A while ago I was looking into MessagePack to use for binary serialization.

There were a huge number of domain types that used to be serialized with JSON.NET and also with protobuf. I needed to introduce binary serialization usable with SignalR and the only binary protocol SignalR supports is MessagePack.

The reason for looking into binary serialization was to save traffic - Azure SignalR transparently splits your traffic into 2KB messages, but you pay per message. And in that project there are some situations where messages, in JSON, would count in the multiple megabyte range.

After looking into this I found some good and some bad:

The Good

MessagePack is really very good at generating very small serialization destillates and it’s incredibly fast. It leaves even protobuf in the dust, and JSON is not even in the same ballpark.

The Bad

However, there is a catch. MessagePack offers three ways to use it: th default resolver, which I’ll call Fully Attributed, Contractless and Typeless.

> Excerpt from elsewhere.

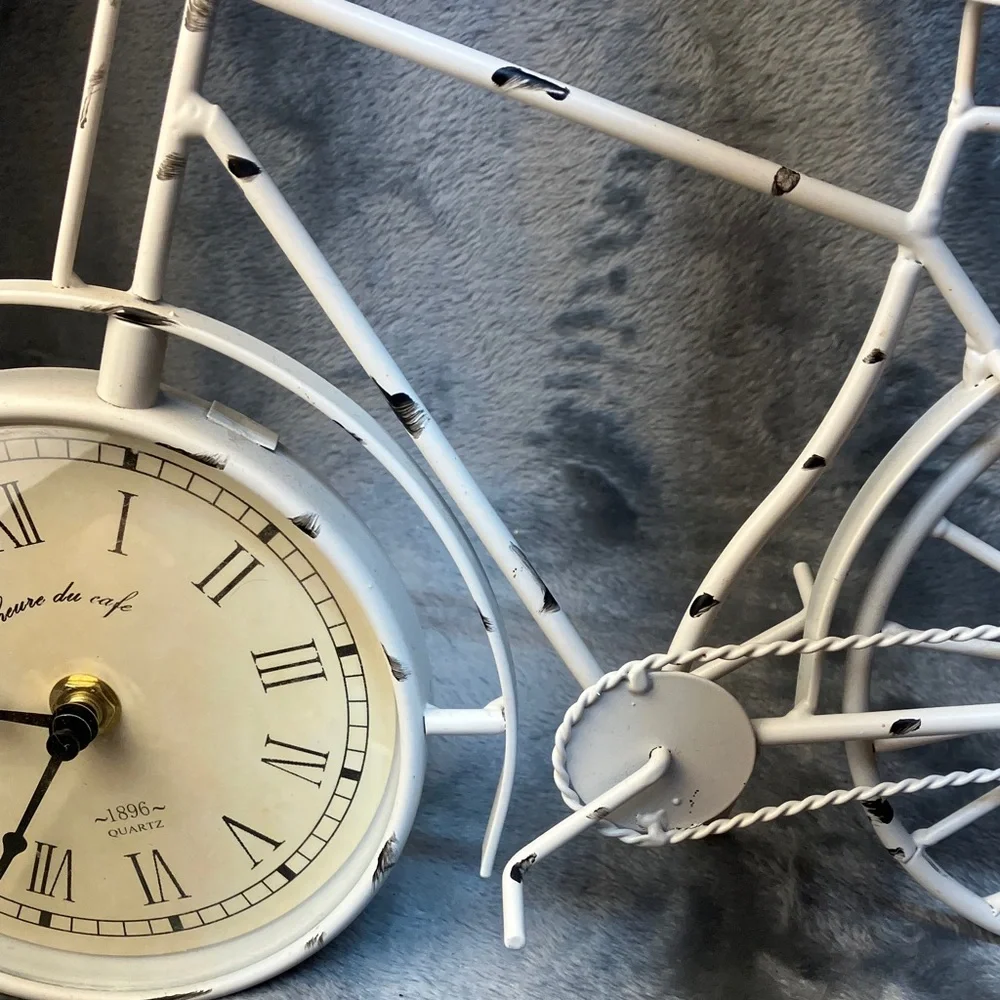 Bicycle Metal Clock Rustic French Café Style 1896 Quartz Decor (Clock Works)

Fully Attributed gives you the best performance, but it requires you to attribute every type and every single serializable property of your types and, if like in that project, you use polymorphy, every interface, too.

To make things worse, the attributes you place to describe polymorphy are such that you need to specify all possible subtypes with attributes on the base-type, thus introducing a dependency violating one of the oldest principles of OOD.

Contractlessis better in that regard, you save the attributes on the properties, but still have to attribute for polymorphy.

Typeless doesn’t require any attributes at all. Well. Almost. If, like in that project, your types have private members then you explicitly need to ignore them via attributes because Typeless serializes private members and there is no way to turn this off, except via said attributes.

There is another big problem with Typeless. Because Typeless basically serializes the full type info including assembly, a malicious sender could trick your deserializer into instantiating arbitrary types with arbitrary properties, thus basically executing code in the runtime context of your deserializer. For that project this didn’t matter, though, because all serialization happens only on the server, clients just deserialize.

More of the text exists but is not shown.